··· DATA

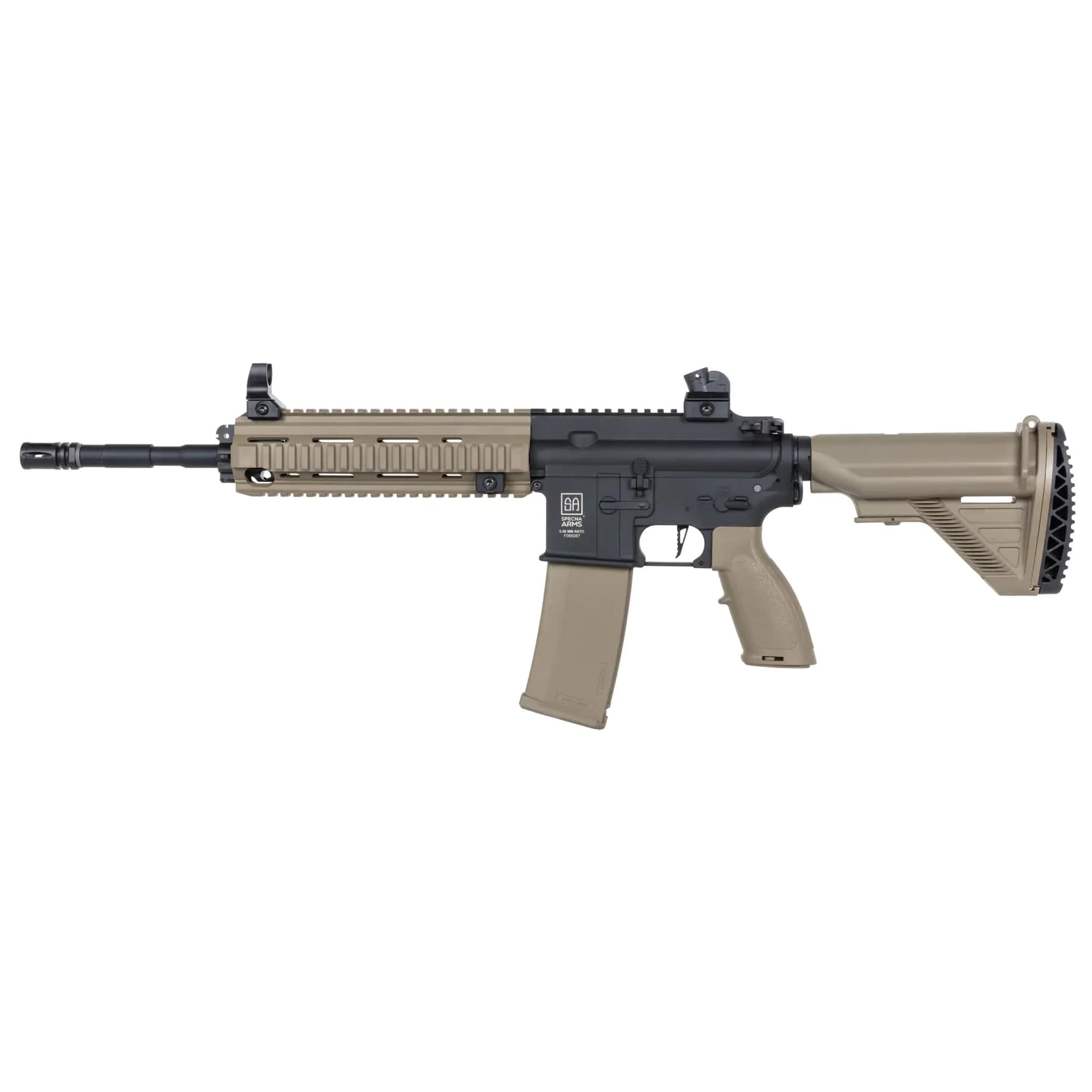 Karabinek szturmowy AEG Specna Arms SA-FH07 Flex HAL ETU Gen. 2 - Half-Tan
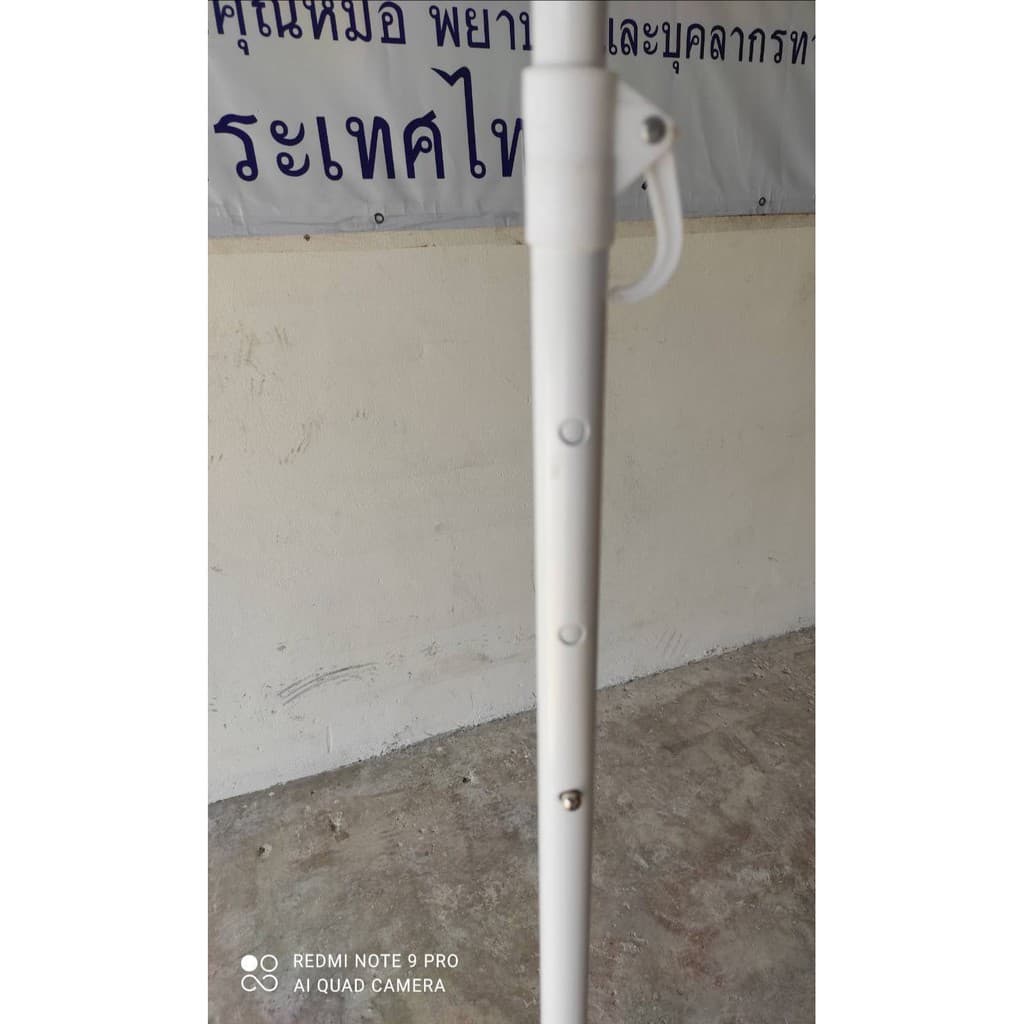 ร่มสนาม ร่มแม่ค้า ไม่มีชาย ขนาด⏀1.62 เมตร ใช้ในสระน้ำ ชายหาด กันยูวี กันน้ำ ปรับได้ 3ระดับ​ 36นิ้ว รูปที่ 9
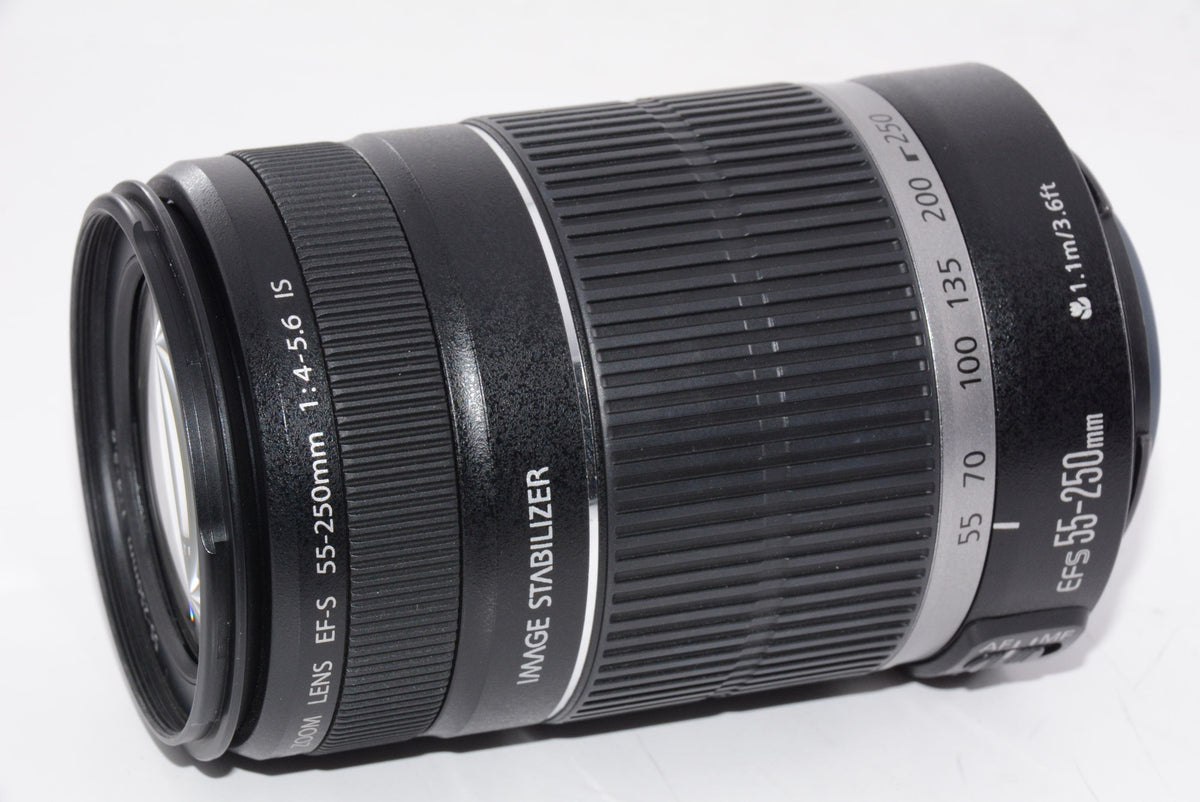 【外観特上級】Canon 望遠レンズ EF-S55-250mm F4-5.6 IS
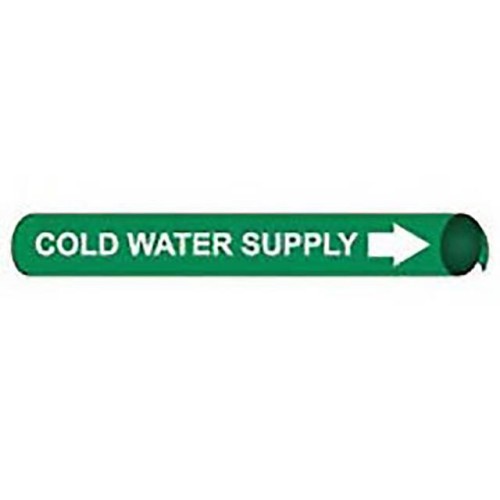 PIPE MARKER, PRECOILED AND STRAP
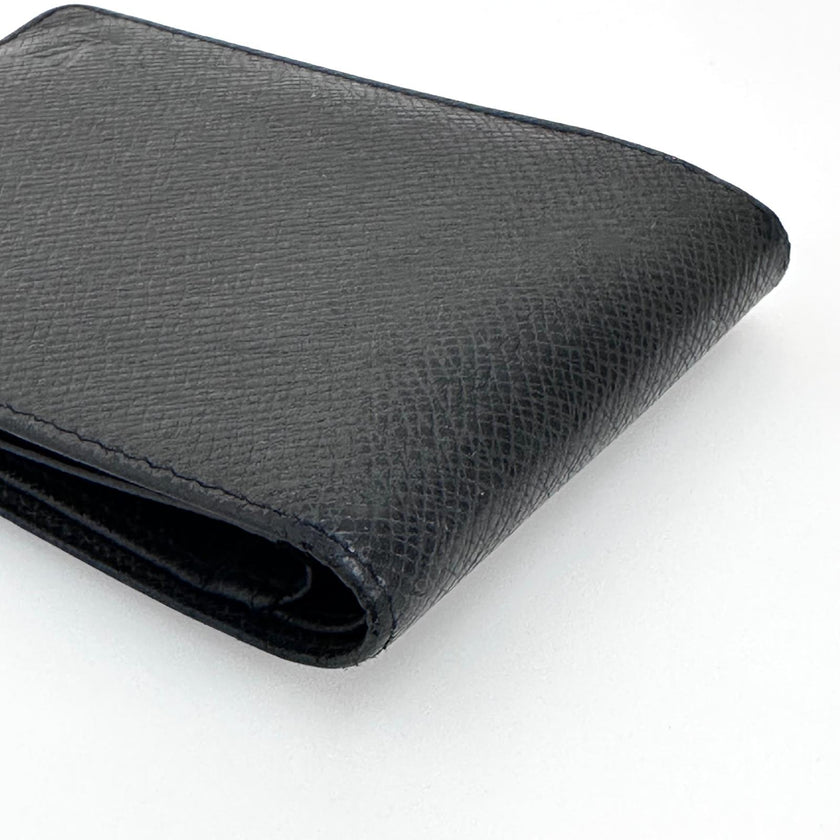 Louis Vuitton Portafoglio Multiple in pelle Taïga nero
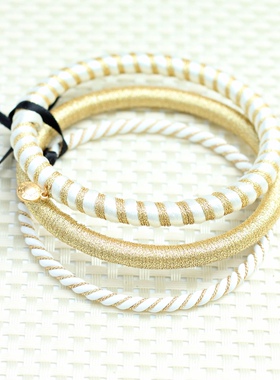 两色三根手镯组合女欧美饰品配饰休闲百搭白色金色黑色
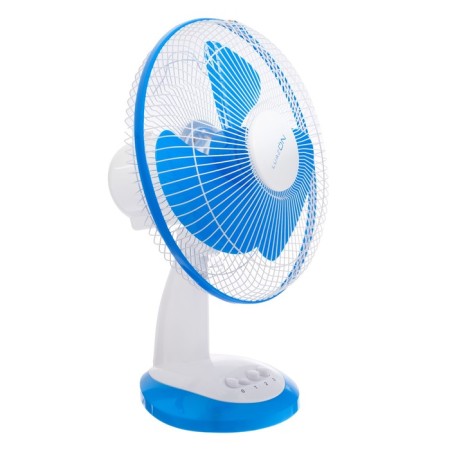 Fan Luazon LOF-03, desktop, 35 watts, 28 cm, 3 modes, plastic, white-blue-1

······

● WORK TASK: Please restate each entry exactly, but drop any picture it holds.

● ANSWER FOR THE TASK:
 Karabinek szturmowy AEG Specna Arms SA-FH07 Flex HAL ETU Gen. 2 - Half-Tan
 ร่มสนาม ร่มแม่ค้า ไม่มีชาย ขนาด⏀1.62 เมตร ใช้ในสระน้ำ ชายหาด กันยูวี กันน้ำ ปรับได้ 3ระดับ​ 36นิ้ว รูปที่ 9
 【外観特上級】Canon 望遠レンズ EF-S55-250mm F4-5.6 IS
 PIPE MARKER, PRECOILED AND STRAP
 Louis Vuitton Portafoglio Multiple in pelle Taïga nero
 两色三根手镯组合女欧美饰品配饰休闲百搭白色金色黑色
 Fan Luazon LOF-03, desktop, 35 watts, 28 cm, 3 modes, plastic, white-blue-1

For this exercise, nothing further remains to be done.